Lunar exploration and investigation quietly continues as Russia stakes its claim on lunar exploration – and development

Originally appeared at

Russia plans to launch the Lunar-25 research landing module to the Moon in 2019, followed by an orbiter (Lunar 26) and another lander in 2021 and 2022, respectively.

In Russia, there is a rather heightened sense of doubt that the American manned moon landings ever took place.  Apparently the movie Capricorn One was taken to be a bit more of a documentary film than it was intended to be.  It is most likely a mixture of national pride and aging historical perspective, since it is known everywhere in the Russia Federation that Yuri Gagarin was the first man in space, and that Sputnik was the first artificial satellite.  But additionally, the last American landing on the moon was over forty-five years ago.  Time makes such an accomplishment a bit “malleable.”

However the Russian space program lives in reality and is working on its own projects to investigate the lunar surface, possibly as a prelude to building a base or even a colony.

Earthrise over the Moon, taken by NASA’s Apollo 8 mission astronaut William Anders on December 24, 1968.
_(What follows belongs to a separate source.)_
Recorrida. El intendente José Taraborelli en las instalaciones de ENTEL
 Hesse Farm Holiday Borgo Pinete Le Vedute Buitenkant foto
These projects signify the Russian Federation’s resumed progress in this area.  Their own last lunar mission occurred in 1976, when the Luna-24 probe flew to the moon, landed, gathered soil samples and returned them to Earth.  Like the United States, this pace of flights had been accelerated during the Cold War years, as the USA and Soviet Union sought to outdo one another in scientific and technological achievements.  The Soviets were actually the first to reach the moon, when their Luna-2 probe successfully impacted on the Moon’s surface in September 1959.Their Luna-9 probe in 1966 was the first probe to successfully achieve a soft landing on the Moon. This probe returned five panoramic, stereoscopic photos.  Other probes successfully deployed robotic roamers, and several were landing and sample-return missions, demonstrating significant expertise in robotic systems, before and during the American moon landings.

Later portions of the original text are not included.